G 1/19, which admits the patentability of a computer-implemented simulation, was the second opportunity for the Enlarged Board of Appeal to rule on the assessment of the patentability of computer-implemented inventions. Did it take advantage of this One More Chance or was it only One More Time?

At any rate, here, I will only briefly comment these statements in relation to my favorite topic: technicality. And we will see that these statements are interesting! Both on the technicality criterion itself, on the one hand, and on the assessment of technicality, on the other hand.

Technicality criterion

On the technicality criterion, I have some comments on the basis for this criterion and on its definition by the Enlarged Board.

Concerning the basis, the Enlarged Board recalls, as it is now customary inventions must be patentable “in all fields of technology” (Article 27 TRIPS, introduced into article 52 EPC in 2000). Thus, according to the Enlarged Board, this expression would imply a requirement of technicality, which does not appear explicitly in the EPC. I believe this to be wrong for two reasons.

Firstly, the expression “in all fields of technology” was introduced into the TRIPS Agreement thanks the United States in order to widen the field of patentability as much as possible. On the contrary, the technical character criterion limits it. Secondly, technical and technological are two distinct words that are often confused, particularly in English, whereas in reality technology is knowledge about a technique. Knowledge about a technique is not the technique: science can provide knowledge about a technique but is not technical knowledge, for example.

Neither the TRIPS nor the European Patent Convention contain an adequate basis for the requirement of technical character, even Article 52 list of exclusions is an imperfect basis (e.g. what are aesthetic creations and computer programs doing in the list when they can be technical?). It seems that EPC should have been revised a long time ago by clearly introducing a condition of technical character.

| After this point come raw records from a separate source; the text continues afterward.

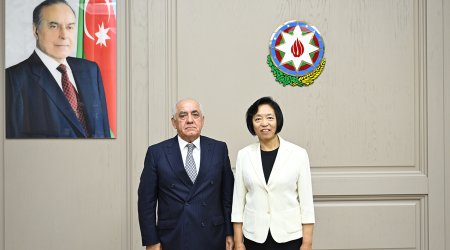 Əli Əsədov Su Hui ilə görüşüb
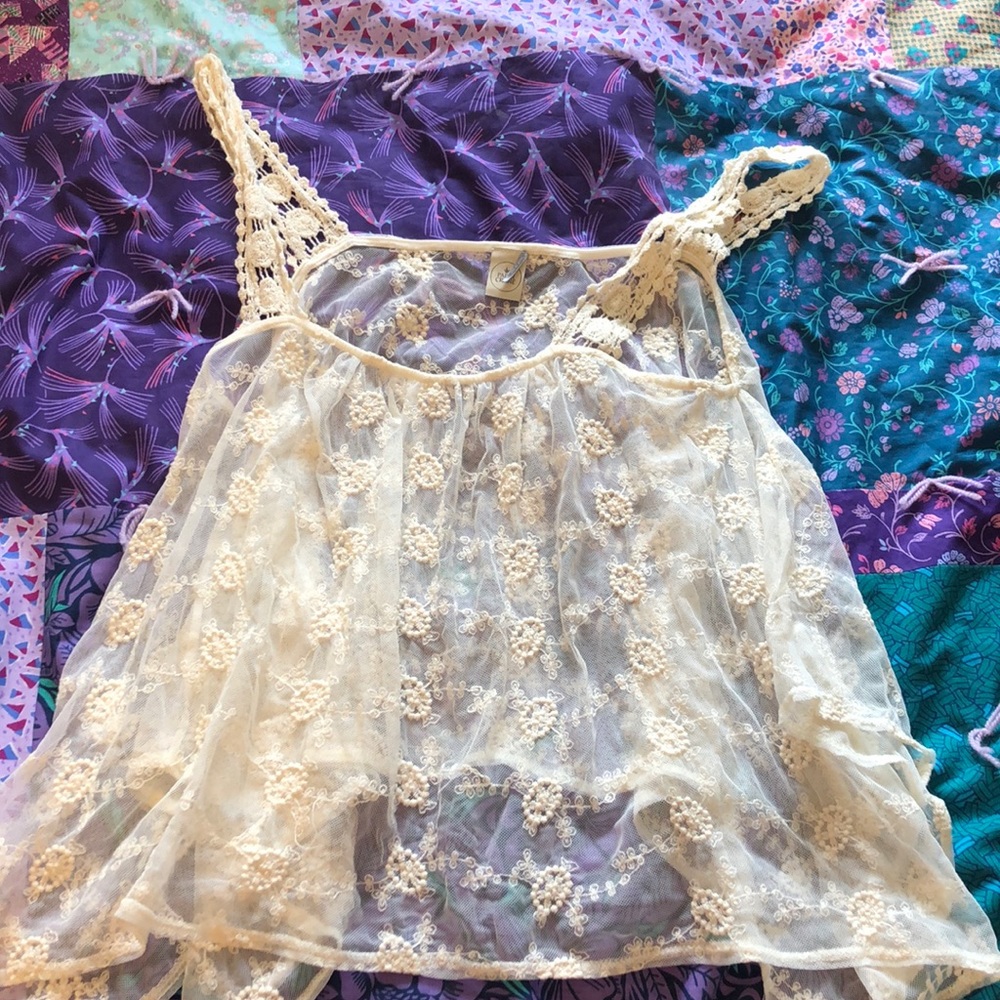 Paper Crane lacy over Tank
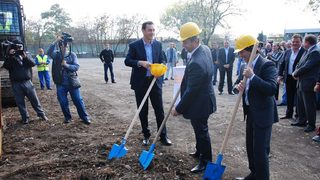 Нов спортен център се строи в Бургас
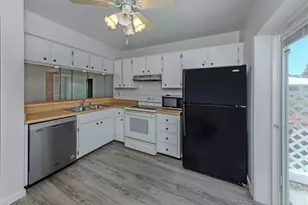 431 Wexford Cir, Venice, FL 34293 - Photo 13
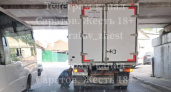 День знаний превратился в день пробок: в Саратове застряла ГАЗель под "мостом глупости", две аварии на Кутякова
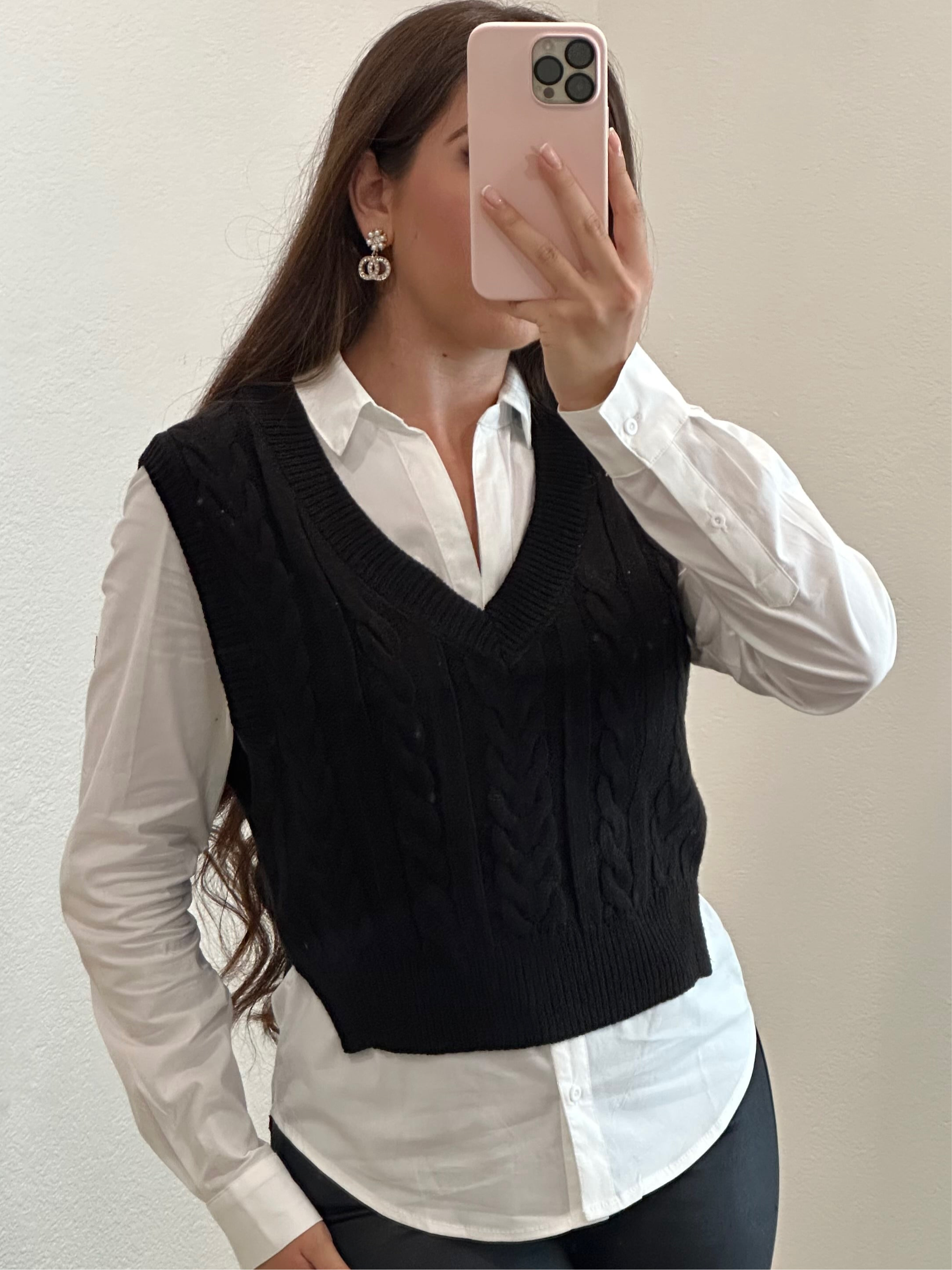 Elle Sweater Vest (Black)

Concerning the definition of technicality, the Enlarged Board refers to Rote Taube case law (i.e. a judgment of the German Supreme Court), but only as a starting point. In Rote taube the invention has been defined as “instruction for planned action to achieve a calculable causal result through the application of controllable natural forces“. A requirement of mastery of the forces of nature that has been confused with the requirement of a transformation of Nature.

Then, the Enlarged board states that technicality does not imply an impact on a physical entity. Finally, the Board proposes an open conception of technicality independent of the material world. This proposal is interesting and is the first to our knowledge, although the Enlarged Board insists, wrongly, that a definition of technicality would be too restrictive and not evolutionary. This is wrong because it would not necessarily be the case and a definition would improve legal certainty, which remains a fundamental objective.

Technicality assessment

Concerning technicality assessment, the Enlarged Board applies the further technical effect method to a simulation. But above all it defines this effect, which is unprecedented. The Enlarged Board thus states: “technical effect going beyond the simulation’s straightforward or unspecified implementation on a standard computer system”.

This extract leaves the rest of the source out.